Но в принципе естественного благочестия содержится новый, невыводимый из «замкнутого тела знания» контекст, в него имплицитно включено представление об огромности, неисчерпаемости божественного знания, то есть как источник знания природа предстает лишь частично познанной человеком, допускающей более полное, а по существу бесконечное познание. Вот здесь и появляется на сцене принцип богоподобия человека, его сотворенности по образу и подобию божьему. Богоподобие в деизме толкуется в том смысле, что человек по своей природе микробог, то есть деисты возвращают человеку-рабу божьему то, что было отнято у него историей со времен Одиссея: право каждого на активное использование слова. Этот принцип качественного тождества бога и человека, отсутствия между ними непроходимой грани постулируется деизмом в самых решительных и мы бы даже сказали эмоциональных формах. «Мы не должны отречься от наших чувств и опыта, - пишет Гоббс, - а также от нашего естественного разума (который является несомненным словом божьим).
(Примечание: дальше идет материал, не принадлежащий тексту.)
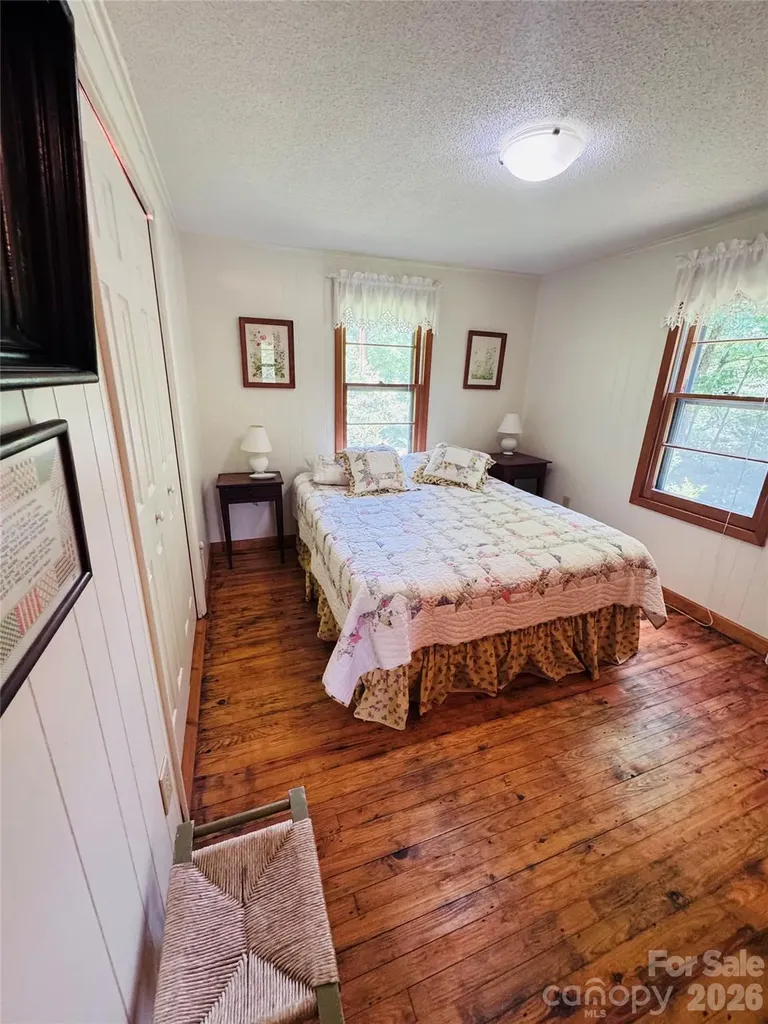 6835 Nc 183 Highway Newland NC 28657
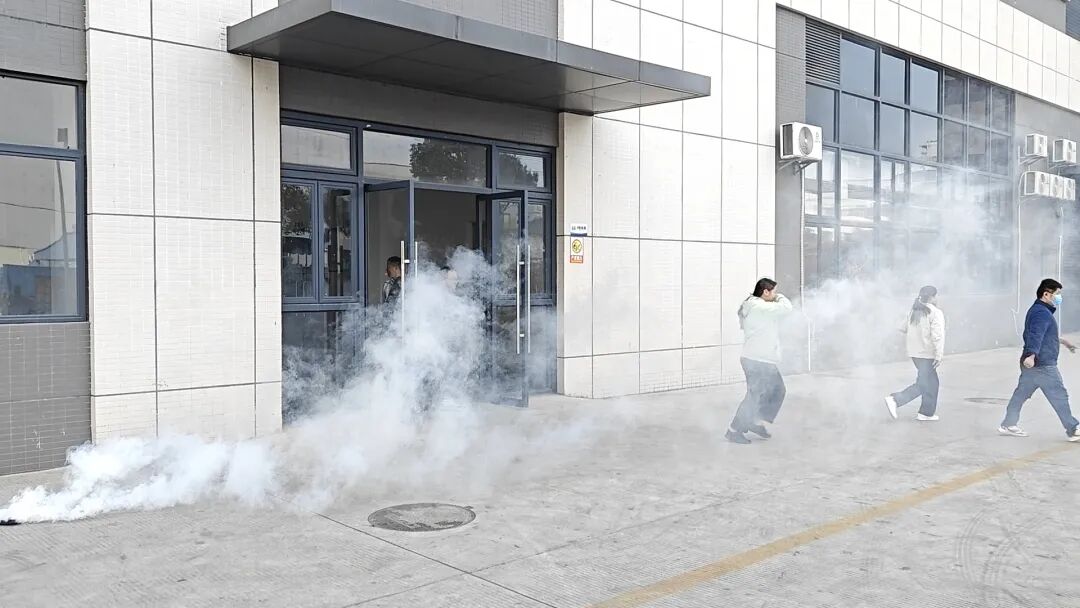 e0dcd40811c86a99c14bb65e41ca.jpg e0dcd40811c86a99c14bb65e41ca.jpg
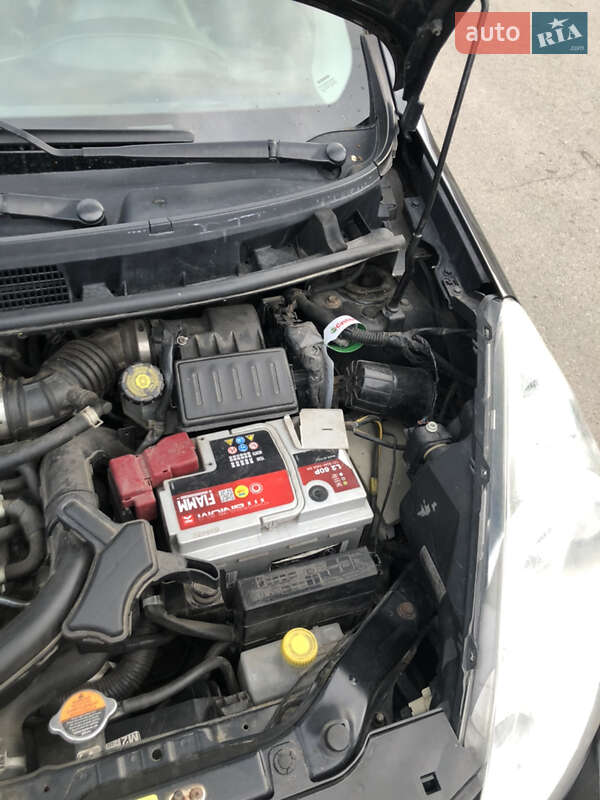 Хэтчбек Nissan Note 2010 в Умани фото 25 Хэтчбек Nissan Note 2010 в Умани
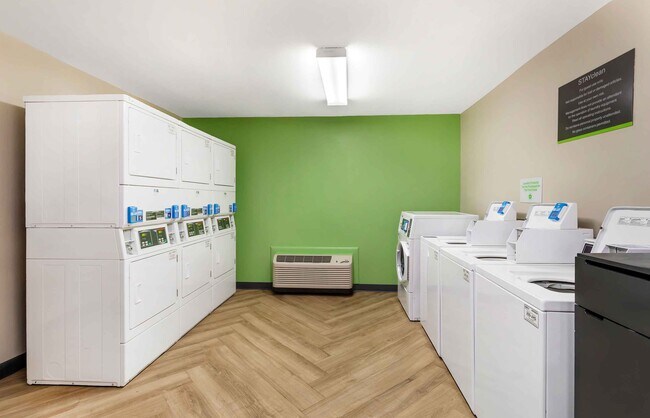 Building Photo - Furnished Studio-Asheville - Tunnel Rd.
Ибо все эти способности бог дал нам, дабы мы пользовались ими до второго пришествия нашего святого спасителя. Поэтому они не должны быть завернуты в салфетку слепой веры, а должны быть употреблены для приобретения справедливости, мира и истинной религии. Ибо хотя в слове божьем есть многое сверх разума, то есть то, что не может быть ни доказано, ни опровергнуто естественным разумом, но в нем нет ничего, что противоречило бы разуму. А если имеется видимость такого противоречия, то виной этого является или наше неумение толковать слово божье, или наше ошибочное рассуждение» (31, т. 2., с. 379-380).